Temporary classroom block could ease school’s growing demand for pupil places
Nicholas Thomas – Local Democracy Reporter
Four new classrooms are being installed at a Newport secondary school in anticipation of “increased demand” for pupil places.
More than 100 extra children could need a place at Lliswerry High School in three years’ time, according to a report by the city council’s arms-length property service Newport Norse.
Some 1,103 pupils are currently enrolled at the school, which has a capacity of 1,217 places – but demand is expected to rise to as many as 1,330 places over the next three years.
Short-term
Newport Norse has now applied for planning permission to bring a “demountable four-classroom unit” to Lliswerry High, which will accommodate the extra pupils.

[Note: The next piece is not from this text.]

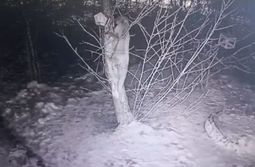 В Забайкалье лиса ворует сало у синиц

The unit is “intended as a temporary provision” that will “provide additional places in the short-term”, allowing the council and school decision-makers time to assess longer-term demand for pupil places.
Smaller unit
If planning permission is granted, the new unit will be transferred to Lliswerry from Bassaleg School, where it was previously used for temporary classrooms.
While any increase in demand for places is expected to be gradual over the next three years, moving the four-classroom unit to Lliswerry now will avoid “annual inconvenience” by adding a smaller unit each year, Newport Norse said.
Unused classrooms in the new unit “can be used flexibly by the school” until they are required for teaching.
Any impact on the school site in Lliswerry would be “minimal” and “does not result in [the] loss of useful grassed sports pitches, hard play area or large amounts of staff car parking”, according to the report.
Newport Norse added that the “additional pupil places provided will ensure that local children have access to a secondary school place in their locality, rather than another school in the city that has spare capacity, ensuring that the pupils remain with their current cohort and minimising traffic movement and air pollution”.